Aurpa Tanjim Taharat, Fariha Kazi Noshin, Hossain Kawser
Department of Data Science, Bangabandhu Sheikh Mujibur Rahman Digital University, Bangladesh.
International University of Business Agriculture and Technology, Bangladesh.
Data Brief. 2024 Jul 17;55:110742. doi: 10.1016/j.dib.2024.110742. eCollection 2024 Aug.

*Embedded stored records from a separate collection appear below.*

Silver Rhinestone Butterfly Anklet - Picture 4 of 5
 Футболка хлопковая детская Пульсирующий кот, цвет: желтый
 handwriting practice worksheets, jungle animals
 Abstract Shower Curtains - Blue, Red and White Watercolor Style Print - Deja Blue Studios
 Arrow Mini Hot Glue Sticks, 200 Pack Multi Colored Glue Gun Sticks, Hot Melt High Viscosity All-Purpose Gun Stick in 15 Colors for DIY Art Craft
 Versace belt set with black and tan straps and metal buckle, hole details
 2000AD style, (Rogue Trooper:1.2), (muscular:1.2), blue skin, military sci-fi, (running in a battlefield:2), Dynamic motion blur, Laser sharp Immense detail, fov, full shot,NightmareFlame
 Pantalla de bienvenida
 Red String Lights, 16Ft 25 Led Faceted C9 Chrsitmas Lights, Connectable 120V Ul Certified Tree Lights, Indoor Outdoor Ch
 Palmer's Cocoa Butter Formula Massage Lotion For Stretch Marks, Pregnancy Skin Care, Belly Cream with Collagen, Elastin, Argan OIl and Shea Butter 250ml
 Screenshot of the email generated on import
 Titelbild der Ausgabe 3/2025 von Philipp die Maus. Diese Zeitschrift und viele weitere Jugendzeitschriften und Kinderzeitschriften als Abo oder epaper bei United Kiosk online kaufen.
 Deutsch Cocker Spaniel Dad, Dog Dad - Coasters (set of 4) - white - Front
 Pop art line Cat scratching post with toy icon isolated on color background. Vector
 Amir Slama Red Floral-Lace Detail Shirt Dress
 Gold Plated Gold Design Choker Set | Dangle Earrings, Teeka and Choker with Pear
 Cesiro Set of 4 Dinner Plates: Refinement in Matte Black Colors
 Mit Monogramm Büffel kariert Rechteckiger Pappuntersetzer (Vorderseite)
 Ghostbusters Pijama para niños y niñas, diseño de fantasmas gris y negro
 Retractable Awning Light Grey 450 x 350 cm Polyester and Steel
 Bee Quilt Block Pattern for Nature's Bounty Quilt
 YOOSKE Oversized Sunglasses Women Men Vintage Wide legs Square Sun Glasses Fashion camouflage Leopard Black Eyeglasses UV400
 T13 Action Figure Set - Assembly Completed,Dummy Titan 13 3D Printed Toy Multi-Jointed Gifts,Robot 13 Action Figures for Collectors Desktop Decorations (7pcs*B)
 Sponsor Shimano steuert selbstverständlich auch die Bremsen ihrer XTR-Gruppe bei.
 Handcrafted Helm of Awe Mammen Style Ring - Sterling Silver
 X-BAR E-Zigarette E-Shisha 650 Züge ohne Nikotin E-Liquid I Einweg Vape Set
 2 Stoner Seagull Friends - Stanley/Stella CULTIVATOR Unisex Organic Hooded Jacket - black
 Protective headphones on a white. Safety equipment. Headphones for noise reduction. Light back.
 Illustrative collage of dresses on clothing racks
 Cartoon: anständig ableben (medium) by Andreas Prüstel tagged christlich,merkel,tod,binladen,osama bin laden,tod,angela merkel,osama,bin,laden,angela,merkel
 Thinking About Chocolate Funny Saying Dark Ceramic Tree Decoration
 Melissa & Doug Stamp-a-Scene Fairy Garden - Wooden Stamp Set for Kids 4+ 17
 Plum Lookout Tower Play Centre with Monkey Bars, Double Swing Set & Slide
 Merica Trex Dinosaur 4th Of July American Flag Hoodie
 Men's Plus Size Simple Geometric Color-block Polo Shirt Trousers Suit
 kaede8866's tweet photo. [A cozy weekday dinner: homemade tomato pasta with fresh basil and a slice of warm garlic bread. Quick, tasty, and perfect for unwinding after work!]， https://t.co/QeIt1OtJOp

Equation Recognition is a mathematical task of identifying equations, which has significance in developing different mathematical systems. In this paper, we introduce a novel Bangla mathematical equation dataset comprising 3430 observations aimed at advancing mathematical Equation Recognition in the Bangla language. To the best of our knowledge, no such dataset exists that was developed to recognize equations from the text. Each entry in the dataset includes a mathematical statement and the corresponding equation. This resource can significantly support research in mathematical Equation Recognition, including the identification of common mathematical operations (such as addition, subtraction, multiplication, division, and roots) and numerical values. With minor adjustments, researchers can also explore combinations of these findings. The dataset is raw and conveniently structured in CSV format, with two columns: "Text" and "Equation," facilitating easy handling for various deep learning and machine learning tasks.
方程识别是一项识别方程的数学任务,在开发不同的数学系统中具有重要意义。在本文中,我们引入了一个新颖的孟加拉语数学方程数据集,该数据集包含3430个观测值,旨在推进孟加拉语的数学方程识别。据我们所知,不存在专门为从文本中识别方程而开发的此类数据集。数据集中的每个条目都包括一个数学陈述和相应的方程。该资源可以显著支持数学方程识别方面的研究,包括识别常见的数学运算(如加法、减法、乘法、除法和开方)以及数值。稍作调整后,研究人员还可以探索这些发现的组合。该数据集是原始的,以CSV格式方便地结构化,有两列:“文本”和“方程”,便于各种深度学习和机器学习任务的轻松处理。